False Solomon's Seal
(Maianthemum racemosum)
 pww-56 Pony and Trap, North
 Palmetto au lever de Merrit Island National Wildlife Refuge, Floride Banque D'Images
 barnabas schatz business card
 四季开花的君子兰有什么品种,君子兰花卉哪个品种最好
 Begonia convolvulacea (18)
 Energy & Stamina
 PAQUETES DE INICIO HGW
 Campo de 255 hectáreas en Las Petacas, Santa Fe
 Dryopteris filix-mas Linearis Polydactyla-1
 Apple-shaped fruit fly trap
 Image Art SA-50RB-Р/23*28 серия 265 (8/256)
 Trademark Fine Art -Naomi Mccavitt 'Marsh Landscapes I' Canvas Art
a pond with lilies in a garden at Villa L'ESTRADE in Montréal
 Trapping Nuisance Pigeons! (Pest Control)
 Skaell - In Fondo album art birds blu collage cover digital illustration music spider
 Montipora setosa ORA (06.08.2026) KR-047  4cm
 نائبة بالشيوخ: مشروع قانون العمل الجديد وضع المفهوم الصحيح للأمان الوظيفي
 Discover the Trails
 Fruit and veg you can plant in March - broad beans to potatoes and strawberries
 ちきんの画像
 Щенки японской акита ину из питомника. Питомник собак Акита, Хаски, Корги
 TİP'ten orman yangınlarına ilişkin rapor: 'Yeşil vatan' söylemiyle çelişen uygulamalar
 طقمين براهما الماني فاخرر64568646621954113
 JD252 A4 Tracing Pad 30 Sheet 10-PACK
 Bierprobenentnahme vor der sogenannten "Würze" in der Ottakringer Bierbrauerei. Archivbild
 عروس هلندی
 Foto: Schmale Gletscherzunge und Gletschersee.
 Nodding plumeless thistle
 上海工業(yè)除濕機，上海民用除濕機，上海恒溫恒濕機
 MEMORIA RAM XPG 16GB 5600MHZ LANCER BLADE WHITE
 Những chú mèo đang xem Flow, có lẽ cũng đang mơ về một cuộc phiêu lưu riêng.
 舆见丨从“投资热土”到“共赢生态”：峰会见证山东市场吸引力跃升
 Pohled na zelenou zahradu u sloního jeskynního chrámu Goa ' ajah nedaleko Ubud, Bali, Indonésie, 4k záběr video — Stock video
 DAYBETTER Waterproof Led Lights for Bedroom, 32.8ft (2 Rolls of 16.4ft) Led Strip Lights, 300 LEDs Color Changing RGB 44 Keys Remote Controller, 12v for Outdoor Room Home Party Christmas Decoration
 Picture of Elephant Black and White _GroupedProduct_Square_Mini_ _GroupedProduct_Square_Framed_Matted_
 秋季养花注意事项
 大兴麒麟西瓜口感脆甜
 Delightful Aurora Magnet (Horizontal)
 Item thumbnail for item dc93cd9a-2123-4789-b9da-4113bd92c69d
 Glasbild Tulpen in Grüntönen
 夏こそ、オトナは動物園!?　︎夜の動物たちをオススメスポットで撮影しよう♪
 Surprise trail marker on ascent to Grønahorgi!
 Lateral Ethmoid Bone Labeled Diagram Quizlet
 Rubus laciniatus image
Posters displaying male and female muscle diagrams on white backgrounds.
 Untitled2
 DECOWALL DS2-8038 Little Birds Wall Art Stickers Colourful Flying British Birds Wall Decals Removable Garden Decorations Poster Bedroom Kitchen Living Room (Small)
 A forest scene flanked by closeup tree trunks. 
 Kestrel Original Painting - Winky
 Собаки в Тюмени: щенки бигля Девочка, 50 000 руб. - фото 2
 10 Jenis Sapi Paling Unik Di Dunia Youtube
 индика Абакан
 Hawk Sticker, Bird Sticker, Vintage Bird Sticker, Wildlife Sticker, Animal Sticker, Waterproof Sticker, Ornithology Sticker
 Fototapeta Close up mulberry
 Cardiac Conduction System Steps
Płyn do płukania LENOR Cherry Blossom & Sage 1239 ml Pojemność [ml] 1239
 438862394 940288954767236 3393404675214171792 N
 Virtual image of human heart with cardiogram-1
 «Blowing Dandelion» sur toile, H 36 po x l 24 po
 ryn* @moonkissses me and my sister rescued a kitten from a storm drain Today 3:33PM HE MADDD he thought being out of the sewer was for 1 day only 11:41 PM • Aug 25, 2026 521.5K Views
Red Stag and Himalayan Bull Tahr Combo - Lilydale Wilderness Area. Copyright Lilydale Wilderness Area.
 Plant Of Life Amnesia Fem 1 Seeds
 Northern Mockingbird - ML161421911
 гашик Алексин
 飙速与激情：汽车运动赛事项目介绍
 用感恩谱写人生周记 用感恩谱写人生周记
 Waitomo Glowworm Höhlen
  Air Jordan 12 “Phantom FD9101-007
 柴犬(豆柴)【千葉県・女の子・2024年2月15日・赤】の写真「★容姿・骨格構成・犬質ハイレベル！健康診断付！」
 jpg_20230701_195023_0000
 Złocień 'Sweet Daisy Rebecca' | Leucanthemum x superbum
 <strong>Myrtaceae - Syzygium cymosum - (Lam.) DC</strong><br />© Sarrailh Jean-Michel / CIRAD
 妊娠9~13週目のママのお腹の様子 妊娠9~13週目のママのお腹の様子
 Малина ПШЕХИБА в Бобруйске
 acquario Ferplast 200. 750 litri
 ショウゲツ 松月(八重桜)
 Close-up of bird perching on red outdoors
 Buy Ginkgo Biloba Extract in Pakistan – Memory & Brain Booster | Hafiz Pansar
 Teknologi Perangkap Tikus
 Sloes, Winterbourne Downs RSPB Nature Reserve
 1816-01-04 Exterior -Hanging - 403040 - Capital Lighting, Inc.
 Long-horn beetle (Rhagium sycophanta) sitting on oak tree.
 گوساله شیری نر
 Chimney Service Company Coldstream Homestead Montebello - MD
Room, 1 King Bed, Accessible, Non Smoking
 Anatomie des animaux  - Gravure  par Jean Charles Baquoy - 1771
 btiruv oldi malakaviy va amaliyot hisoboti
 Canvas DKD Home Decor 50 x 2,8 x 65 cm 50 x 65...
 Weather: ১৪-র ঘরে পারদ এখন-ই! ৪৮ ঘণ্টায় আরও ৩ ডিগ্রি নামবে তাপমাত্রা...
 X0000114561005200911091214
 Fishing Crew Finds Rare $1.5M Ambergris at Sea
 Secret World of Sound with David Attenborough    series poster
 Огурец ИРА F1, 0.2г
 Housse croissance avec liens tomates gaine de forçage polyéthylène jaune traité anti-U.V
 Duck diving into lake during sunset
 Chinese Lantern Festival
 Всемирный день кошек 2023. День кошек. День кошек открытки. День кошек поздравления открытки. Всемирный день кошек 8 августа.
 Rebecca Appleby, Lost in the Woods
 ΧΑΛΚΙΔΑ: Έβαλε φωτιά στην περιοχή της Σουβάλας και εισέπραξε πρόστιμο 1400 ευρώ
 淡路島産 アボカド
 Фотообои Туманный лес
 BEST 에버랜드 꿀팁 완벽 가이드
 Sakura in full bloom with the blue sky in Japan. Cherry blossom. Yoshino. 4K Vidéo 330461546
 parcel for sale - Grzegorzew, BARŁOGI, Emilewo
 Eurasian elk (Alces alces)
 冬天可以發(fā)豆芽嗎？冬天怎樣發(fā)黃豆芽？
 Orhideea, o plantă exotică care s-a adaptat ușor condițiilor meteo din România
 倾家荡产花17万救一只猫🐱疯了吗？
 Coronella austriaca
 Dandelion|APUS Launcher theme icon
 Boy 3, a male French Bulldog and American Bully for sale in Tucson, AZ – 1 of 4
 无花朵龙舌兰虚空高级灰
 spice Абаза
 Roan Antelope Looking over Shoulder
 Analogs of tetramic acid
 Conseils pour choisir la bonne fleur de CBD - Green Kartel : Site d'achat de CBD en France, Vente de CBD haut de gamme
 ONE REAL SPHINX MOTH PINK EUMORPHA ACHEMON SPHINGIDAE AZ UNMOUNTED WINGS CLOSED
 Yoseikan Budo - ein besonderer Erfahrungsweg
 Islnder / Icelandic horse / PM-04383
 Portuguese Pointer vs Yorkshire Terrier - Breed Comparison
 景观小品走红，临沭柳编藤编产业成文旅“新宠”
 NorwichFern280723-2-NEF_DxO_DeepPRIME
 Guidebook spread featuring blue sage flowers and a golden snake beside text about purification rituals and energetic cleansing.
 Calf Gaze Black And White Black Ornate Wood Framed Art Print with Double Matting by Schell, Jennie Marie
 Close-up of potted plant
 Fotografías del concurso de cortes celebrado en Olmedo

◇ ◇ ◇

**REQUIRED ACTION:** Up to and including the line with "Pohled na zelenou", repeat the entries exactly, beginning at their first line.

**ANSWER AREA:**
False Solomon's Seal
(Maianthemum racemosum)
 pww-56 Pony and Trap, North
 Palmetto au lever de Merrit Island National Wildlife Refuge, Floride Banque D'Images
 barnabas schatz business card
 四季开花的君子兰有什么品种,君子兰花卉哪个品种最好
 Begonia convolvulacea (18)
 Energy & Stamina
 PAQUETES DE INICIO HGW
 Campo de 255 hectáreas en Las Petacas, Santa Fe
 Dryopteris filix-mas Linearis Polydactyla-1
 Apple-shaped fruit fly trap
 Image Art SA-50RB-Р/23*28 серия 265 (8/256)
 Trademark Fine Art -Naomi Mccavitt 'Marsh Landscapes I' Canvas Art
a pond with lilies in a garden at Villa L'ESTRADE in Montréal
 Trapping Nuisance Pigeons! (Pest Control)
 Skaell - In Fondo album art birds blu collage cover digital illustration music spider
 Montipora setosa ORA (06.08.2026) KR-047  4cm
 نائبة بالشيوخ: مشروع قانون العمل الجديد وضع المفهوم الصحيح للأمان الوظيفي
 Discover the Trails
 Fruit and veg you can plant in March - broad beans to potatoes and strawberries
 ちきんの画像
 Щенки японской акита ину из питомника. Питомник собак Акита, Хаски, Корги
 TİP'ten orman yangınlarına ilişkin rapor: 'Yeşil vatan' söylemiyle çelişen uygulamalar
 طقمين براهما الماني فاخرر64568646621954113
 JD252 A4 Tracing Pad 30 Sheet 10-PACK
 Bierprobenentnahme vor der sogenannten "Würze" in der Ottakringer Bierbrauerei. Archivbild
 عروس هلندی
 Foto: Schmale Gletscherzunge und Gletschersee.
 Nodding plumeless thistle
 上海工業(yè)除濕機，上海民用除濕機，上海恒溫恒濕機
 MEMORIA RAM XPG 16GB 5600MHZ LANCER BLADE WHITE
 Những chú mèo đang xem Flow, có lẽ cũng đang mơ về một cuộc phiêu lưu riêng.
 舆见丨从“投资热土”到“共赢生态”：峰会见证山东市场吸引力跃升
 Pohled na zelenou zahradu u sloního jeskynního chrámu Goa ' ajah nedaleko Ubud, Bali, Indonésie, 4k záběr video — Stock video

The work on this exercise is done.